Disabled students at the University of Westminster have worked with academics and support staff to shape a range of new learning and teaching tools that will support the delivery of curriculums that are inclusive and accessible for all disabled students.

The three-year project, known as the Inclusive Curriculum for Disabled Students (ICDS), has involved disabled students at the University providing evidence through focus groups of their experience of barriers to learning - and suggesting possible solutions. This student experience has been matched by input from lecturers on what they have seen as effective inclusive practice.

The result has been a new set of learning and teaching guides. Each one focuses on a particular theme, ranging from course design and validation, recruitment and enrolment, through to different aspects of learning, teaching and assessment.

And sitting alongside these guides will be case studies, providing real-life examples of some of the barriers disabled students face at university, together with the relevant best inclusive teaching practice.

It is being launched today when Tara Flood (pictured), director of the Alliance for Inclusive Education, delivers a keynote address.
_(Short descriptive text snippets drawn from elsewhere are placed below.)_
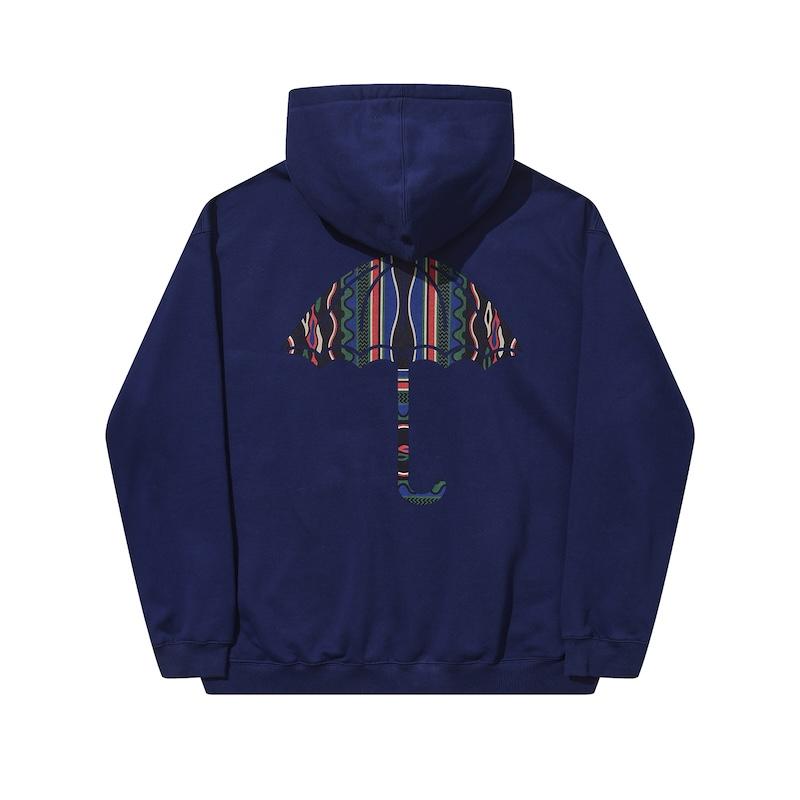 Hélas Umb Coog Hoodie Navy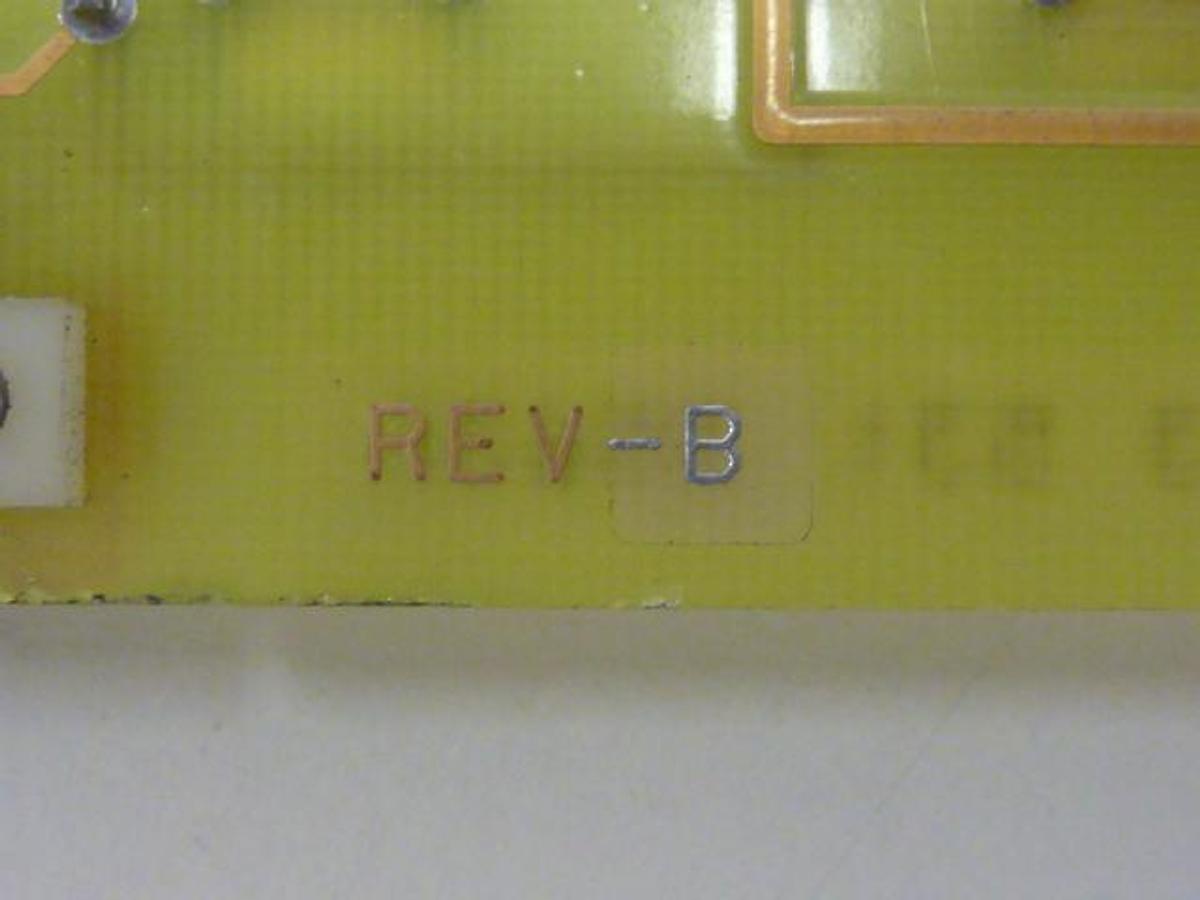 Used CINCINNATI MILACRON Output Board 3-531-3563A Used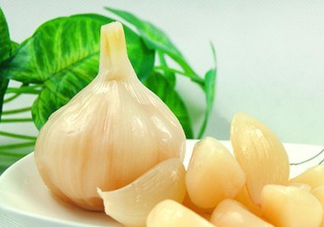 醋泡大蒜有什么功效？醋泡大蒜的功效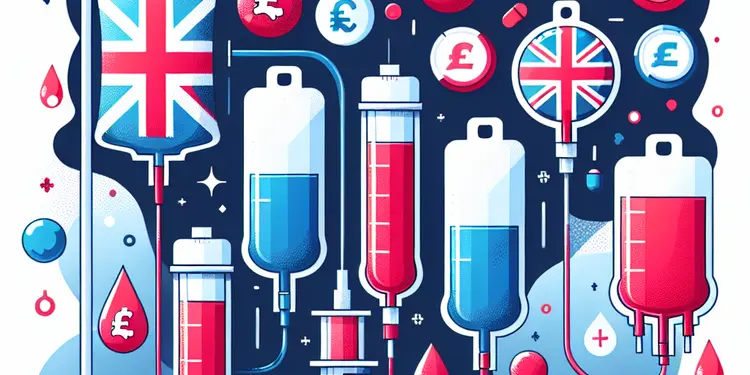 What types of blood products can be transfused?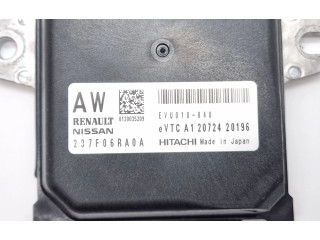Блок управления 237F06RA0A, EVU010040 Nissan Rogue
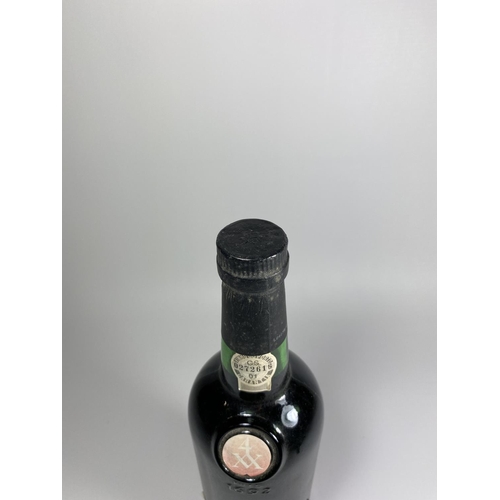 314 - 1 X 75CL BOTTLE - TAYLOR'S LATE BOTTLED 1985 VINTAGE PORT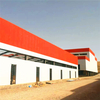 Prefab Steel Structure Workshop Used for Production Plant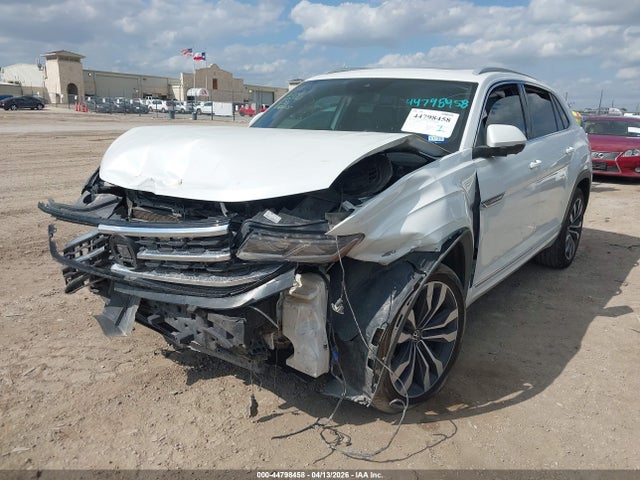 Volkswagen Atlas 3.6l V6 Sel Premium R-line
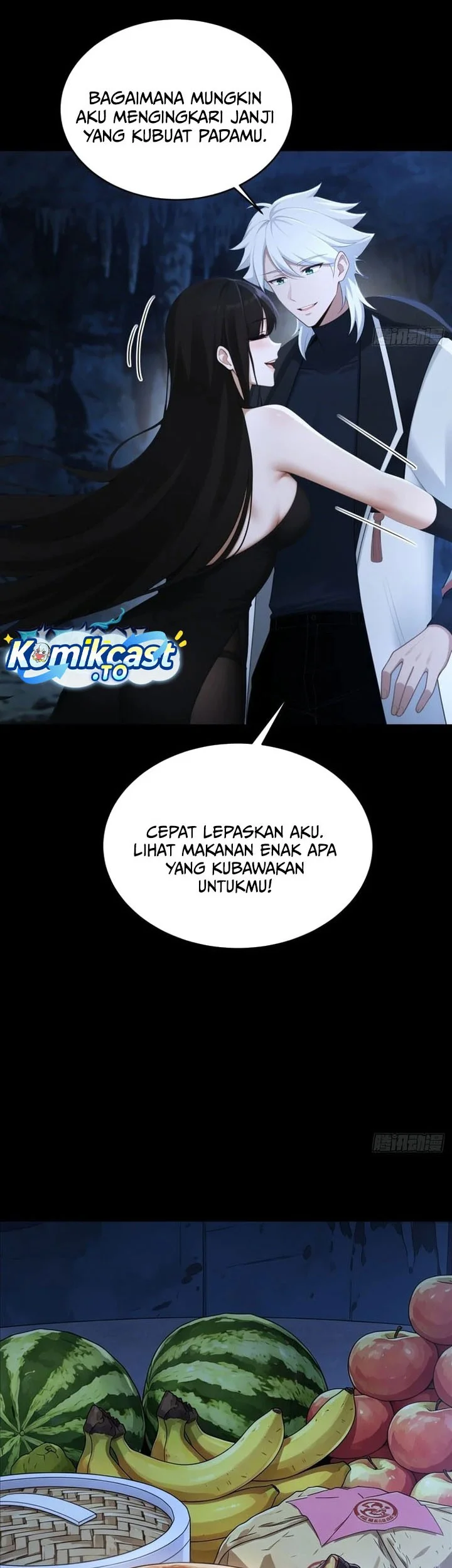 To Save Seven Villainesses, I Went Full Harem! Chapter 65 - halaman 19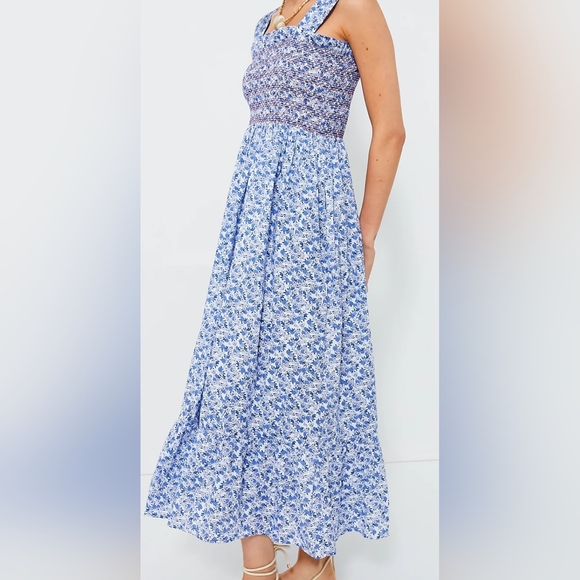 Mille Dresses & Skirts - Mille Condesa Floral Garden Dress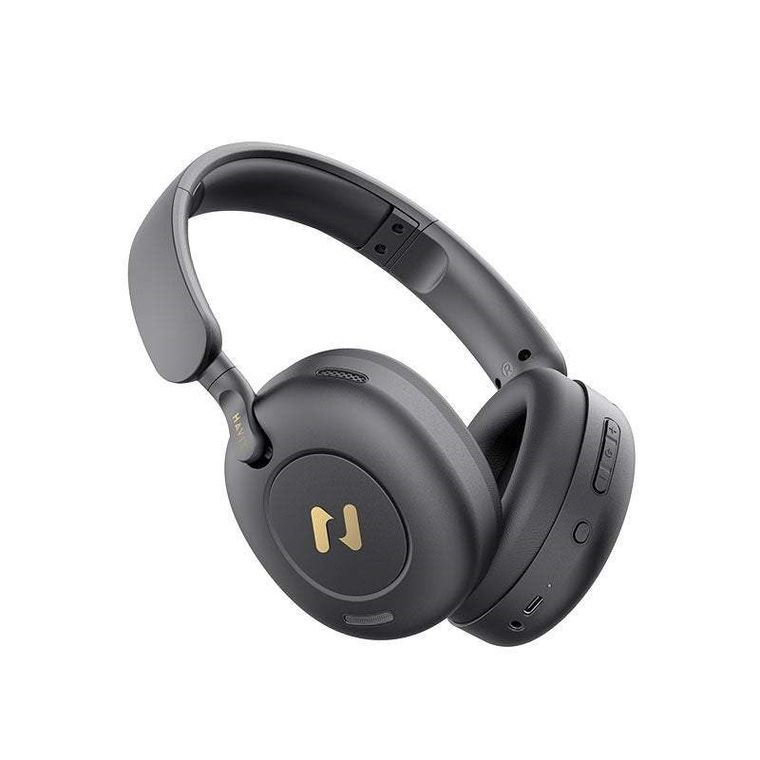 Havit, H655BT PRO, słuchawki bluetooth, czarne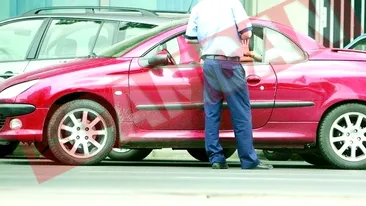 Politistii, obligati sa se legitimeze in fata soferilor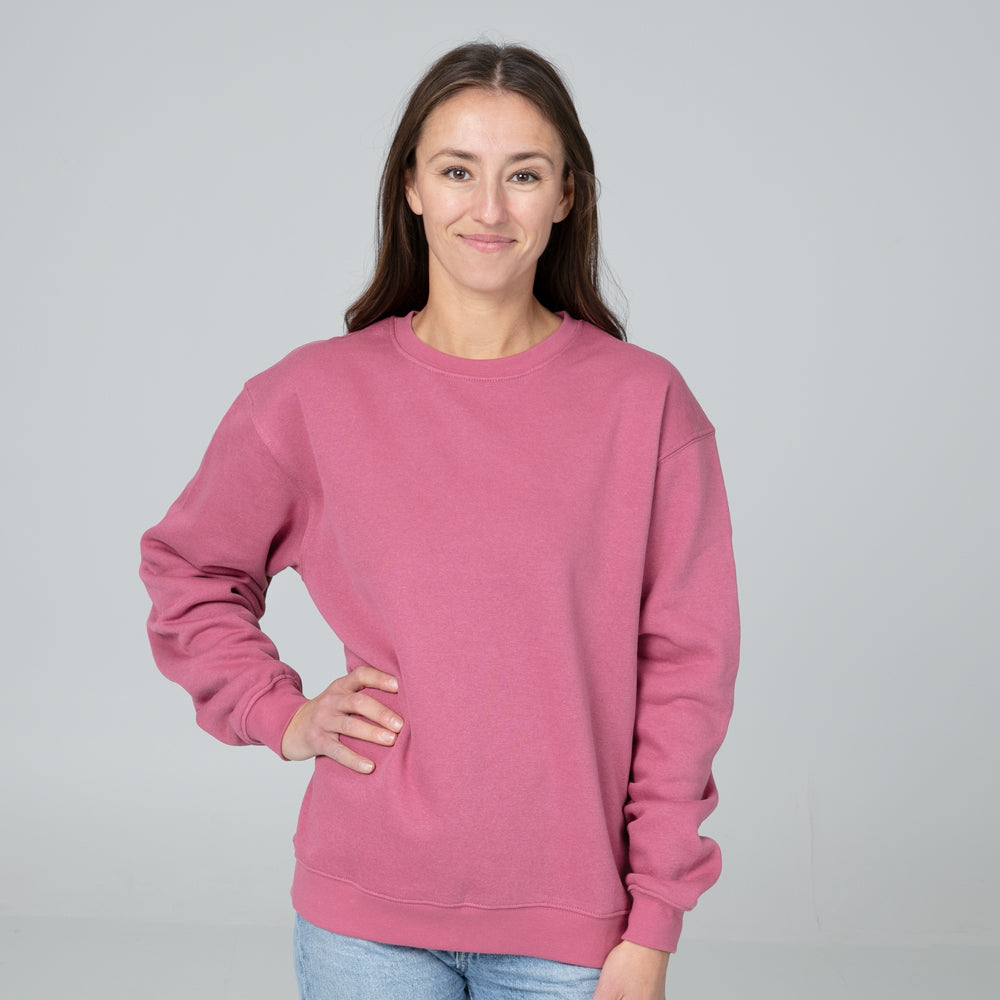 The Teehive® Premium Fleece Crew - TH2250 (Trapshooting)-The Teehive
The ICDS guides will form part of the University’s curriculum from the start of the 2009-10 academic year.

Eileen Laycock, Disability Services manager at Westminster, said: “This is a very exciting breakthrough in curriculum design. One of our key aims with the project was to produce a set of resources that will support staff to develop and deliver curriculums that are inclusive and accessible for our disabled students.

“We were also keen to embed inclusivity into mainstream processes and thinking. This will be reflected in the way we validate courses and provide professional development for new staff.

“As someone who has been involved with disability services within higher education for many years, I feel this approach to learning and teaching here at Westminster will bring tremendous benefits, both to our students with disabilities and to those teaching them,” added Eileen.

Tara Flood said: “Feeling welcomed and part of university life from day one is crucial if inclusion in higher education is to become a reality for all disabled students. The University of Westminster is leading the way in terms of partnering with disabled students to make this happen.”